I didn’t have time to investigate before my talk, so the delays caused me consternation when they showed up during my Windows Vista Kernel Changes session immediately afterward. The behavior felt uncannily like the one I wrote up a few blog posts ago in The Case of the Process Startup Delays. In that case, Windows Defender’s Remote Procedure Call (RPC) communications during process startup tried to contact a domain controller, which resulted in hangs when the system was disconnected from its domain. I mumbled excuses on behalf of Windows Vista and tried to distract the audience by explaining the subsequent demonstrations.

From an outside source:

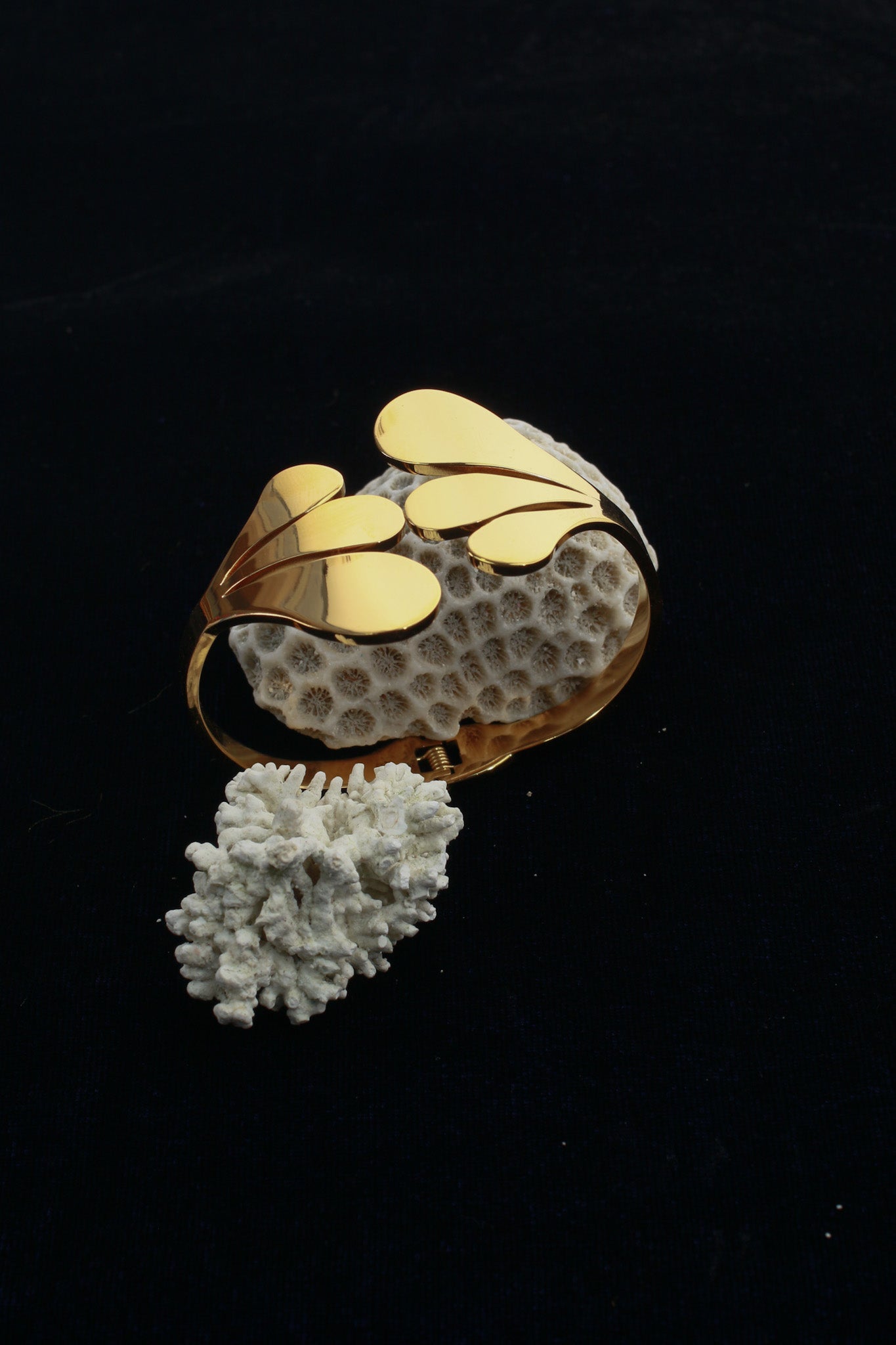 Anti - Tarnish Stainless Steel Bracelet — Gold Polished Leaf Cuff - Maxiblink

It wasn’t until the plane ride home that I got a chance to look into it. I followed steps similar to the ones I had when I explored the Windows Defender hangs. I launched Notepad from within Debugging Tools for Windows’ Windbg tool, typed Ctrl+O to open the File Open dialog, and when I got the hang broke in and looked at the stack of Notepad’s main thread:
If you haven’t seen a stack before, it’s a history from most recent to least of nested functions called by a thread. You read it from bottom to top, so the stack shows that Notepad had loaded Browseui.Dll and called its CAddressBand::SetNavigationState function. That function called CBreadcrumbBar::SetNavigationState, which called CBreadcrumbBar::SetIDList, and so on.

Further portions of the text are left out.